Mike Napoli does something very few players who wear the tools of ignorance can do – he strikes fear into pitchers when he strides to the dish. It’s fair to point out that he isn’t a fantastic defender, he’s certainly competent, but when his potent bat is added to the mix he’s one of the unique weapons at the catcher position (it should be noted that he’s also played a lot of first base the past three years). Add in that he was born on Halloween and he has to be a great player, right? Don’t tell that to people that owned Napoli in 2012 though as his effort was seen as a whopper of a downer after his massive 2011 effort (.320-30-75 with a 1.046 OPS). I’m here to tell you though that his ’12 production was right in line with expectations, that is unless you were expecting too much as most of us were.
NOTE: For those of you living in a cave, Napoli signed a three year deal with the Red Sox for a reported $39 million.

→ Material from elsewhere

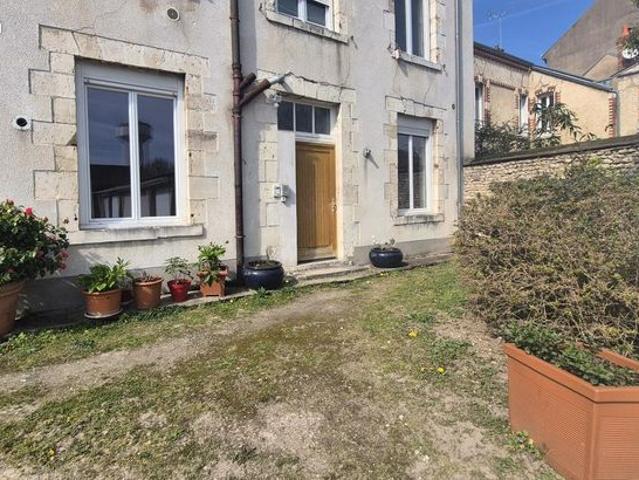 Appartement vente à Orléans, Fleury-les-aubrais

They plan on slotting him at first base on most days, though he will still see some time behind the dish.
As I pointed out in my 2012 Positional Review of Catchers, Napoli’s power stroke in 2012 was exactly what you should have expected. From 2008-11 he averaged 24 homers. In 2012 he hit 24 homers. Of course people were disappointed when he failed to match his career best total of 30 homers from 2011, but as I always touch on with players, many times their “failures” are based on our unrealistic expectations. Napoli is the poster boy for out of control expectations. How is a guy who matches his previous four year average in anything seen as a disappointment? The real problem is that Napoli can’t convince anyone to give him at-bats. Only once has he been given 400 at-bats in a season, and that’s what’s holding down his power output, not a lack of talent. That will likely change this year in Boston. More on that in a moment.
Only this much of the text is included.